Senior Site Reliability Engineer
One of our top clients is seeking a Sr. Site Reliability Engineer. Their enterprise software platform is one of the largest platforms in the world that is truly helping people in need. Some of their executives come from companies such as Google, Groupon, etc. This engineer will work on a small team, responsible for the full system life cycle including AWS infrastructure, system configuration, deployments, monitoring and IR in production environments.
This is a great opportunity to work with cutting edge tech on a platform that is truly making a difference in the world. They offer competitive salaries, full benefits, 401k, base + bonus+ stock, as well as a working from home stipend.

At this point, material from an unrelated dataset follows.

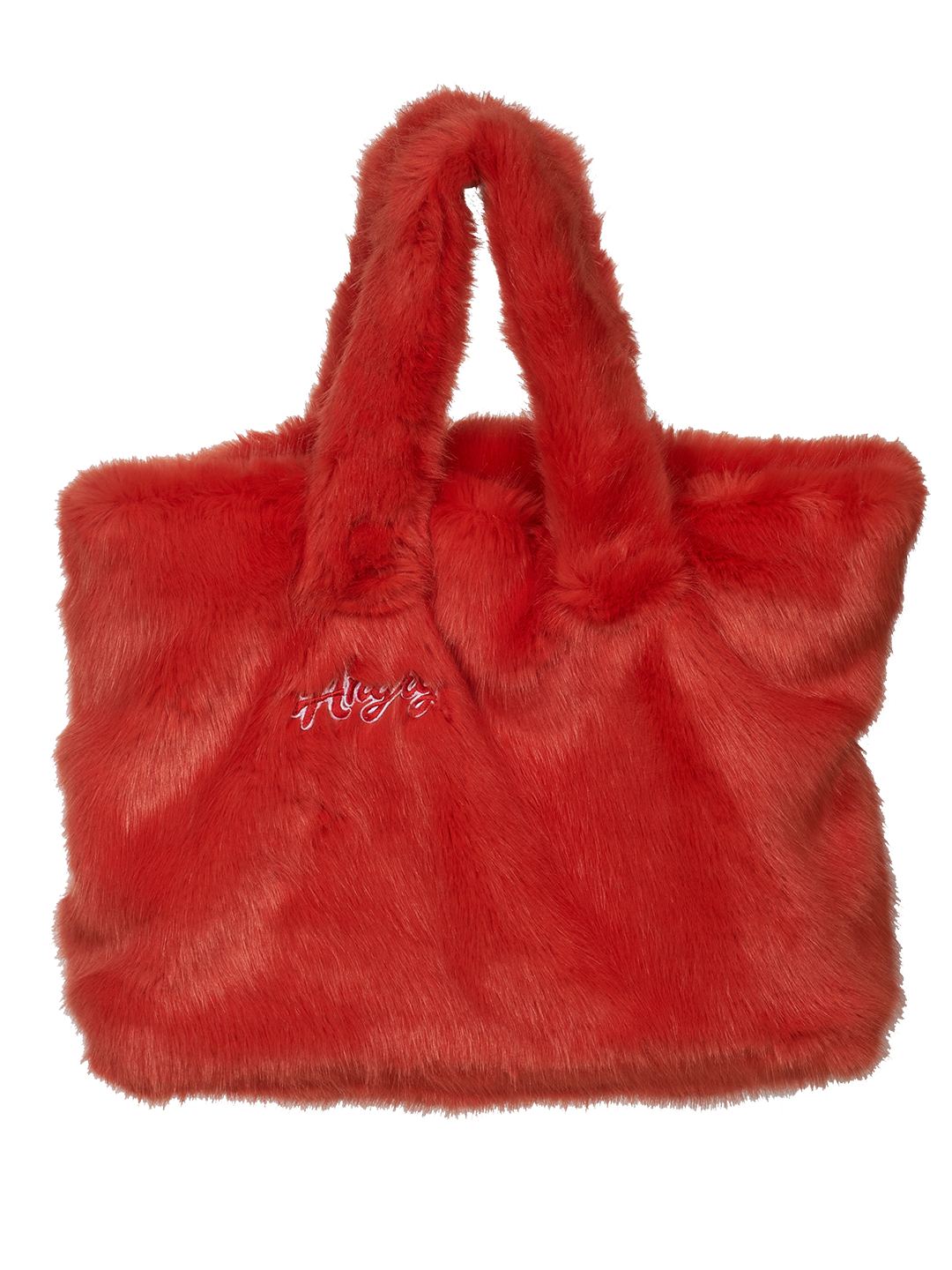 Angry Faux Fur Tote Bag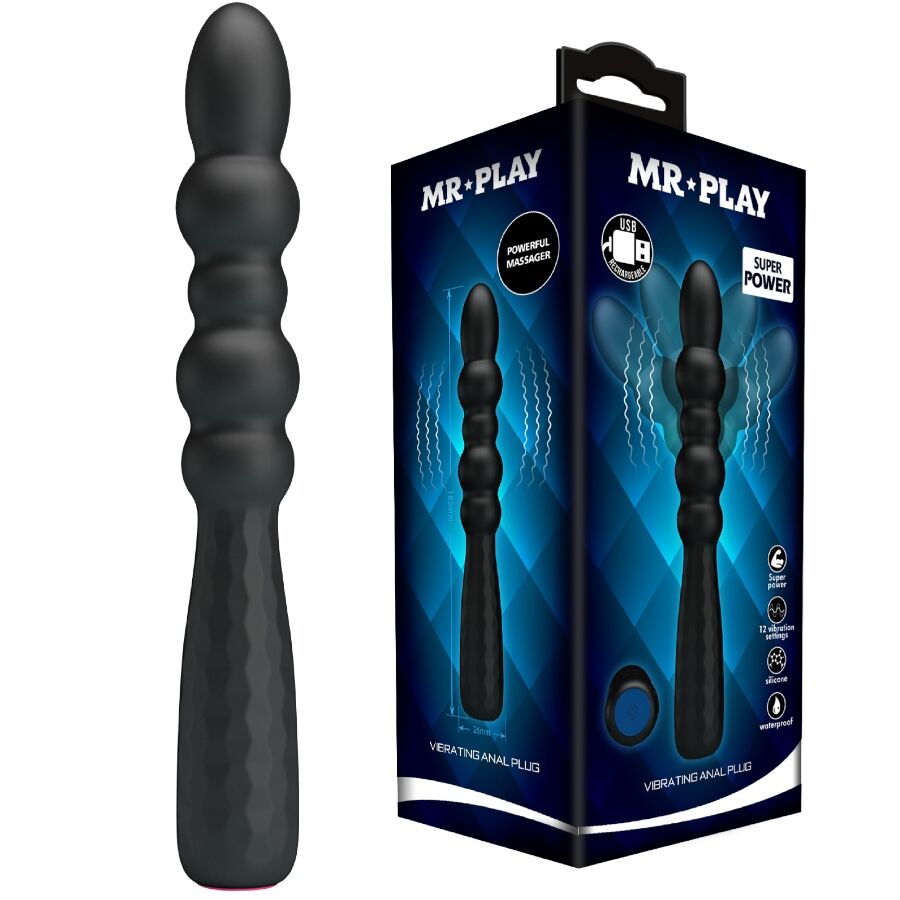 Plug anal vibrant et flexible — MR PLAY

They will be REMOTE until some time next year. After that, they are open to remote or onsite work, but must be local to San Diego to come in for meetings. This role will sit in San Diego, though they are also open to Los Angeles or San Francisco offices.
- Design and build out our cloud infrastructure (we run everything in AWS).
- Participate in software and system performance analysis, tuning, and service capacity planning.
- Manage the availability, scalability, security, and performance of our platform and applications.
- Diagnose bottlenecks for the full stack and provide recommendations to overcome the bottlenecks as an interim work around, while long-term solutions are investigated.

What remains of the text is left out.